Plaintiff Fidelity & Deposit Company of Maryland ("Fidelity") brought this subrogation action to recover almost $10 million in crime insurance compensation it paid to Jersey Central Power and Light Company ("JCP&L"). Fidelity appeals from two April 9, 2010 orders denying its motion for summary judgment and granting summary judgment to defendant Honeywell International Inc. ("Honeywell"), which employed one of the main perpetrators of a massive fraudulent scheme against JCP&L. We affirm in part and reverse in part.

I.

The facts relevant to the issues on appeal are not in dispute. The New Jersey State Board of Public Utilities had established the New Jersey Smart Start Buildings Program to stimulate energy-efficient and renewable-energy technologies. The program provided rebates to electricity customers who retrofitted commercial buildings to become more energy efficient. JCP&L and other utilities administered the program and charged a fee in customer bills to fund it.
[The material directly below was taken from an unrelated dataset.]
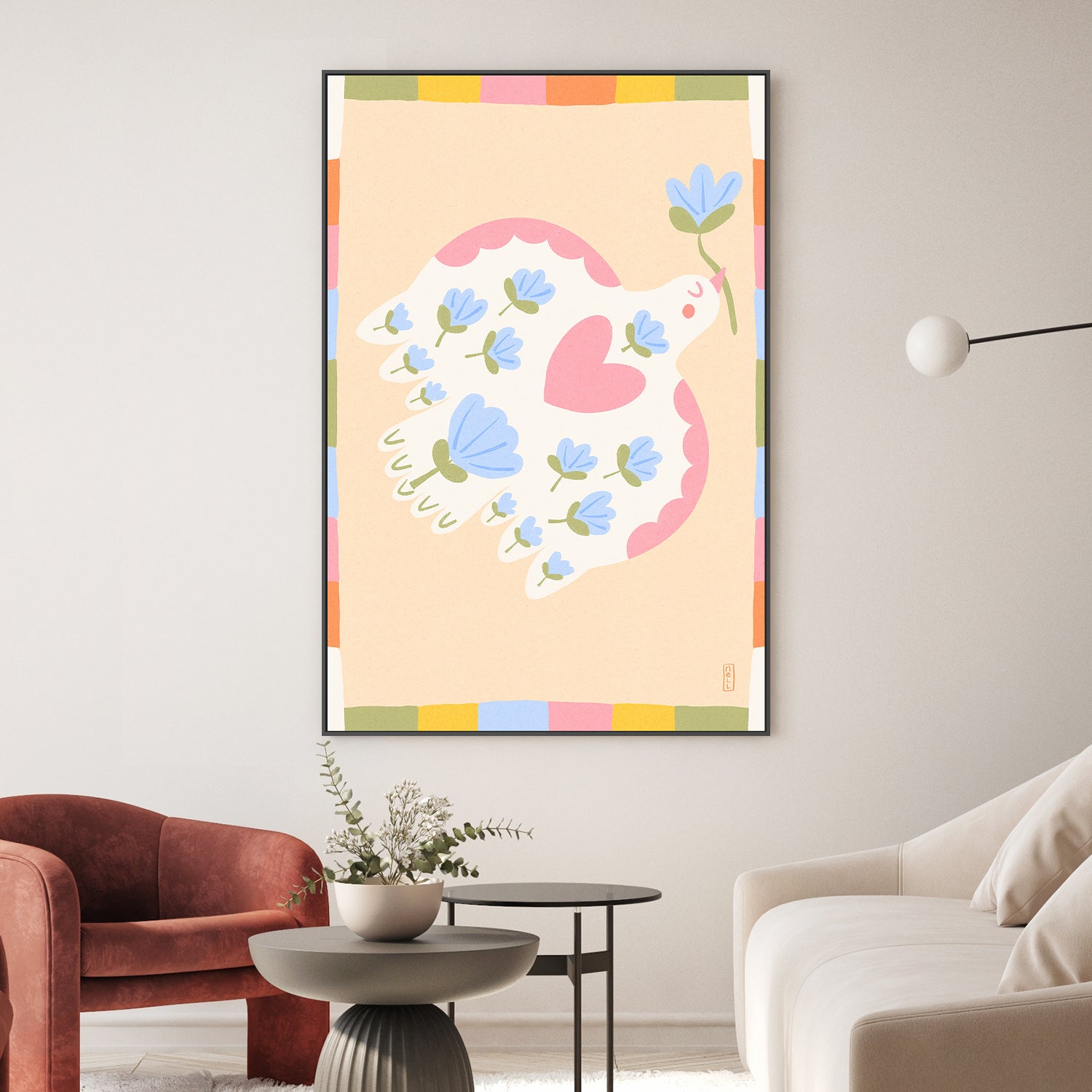 wall-art-print-canvas-poster-framed-Dove of Peace with Flowers Illustration-7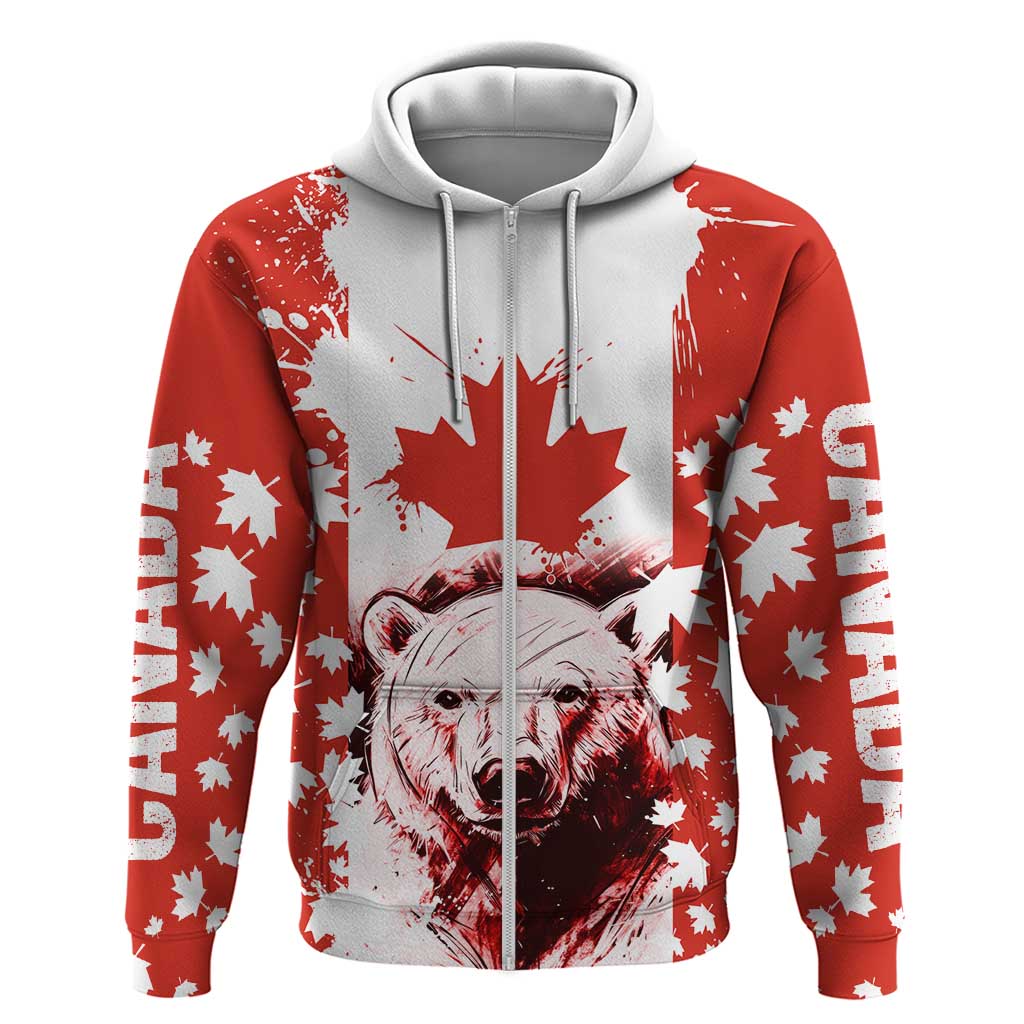 Canada Bear Hoodie with Maple Leaf and Rocky Mountain Design TS04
In 1991, a predecessor company of Honeywell entered into a written contract with JCP&L to provide personnel to work on JCP&L's energy efficiency programs. When Honeywell acquired the predecessor company, it succeeded to the contract and later extended it through 2006. The parties on this appeal stipulated to the several documents that comprised the Honeywell-JCP&L contract.

Under the contract, Honeywell assigned employees to JCP&L to work on its energy programs in exchange for a fixed sum paid by JCP&L to Honeywell. The assigned employees worked exclusively for JCP&L, but Honeywell continued to pay their salaries and benefits. Article 10 of the contract documents stated:

It is agreed and understood that Contractor [Honeywell] shall employ for the services required hereunder persons known to it, who shall be trained, experienced, qualified and trusted employees. (Emphasis added.)

The right of final selection or replacement of the designated Honeywell employees remained with JCP&L.

In 1996, Honeywell designated defendant Anant Patel to work with JCP&L as a commercial program coordinator on its energy savings programs. Patel had been employed by Honeywell and its predecessor since 1985. He was "well-liked," "produced high quality work," and had a "very strong work ethic." Honeywell had no reason to distrust his honesty.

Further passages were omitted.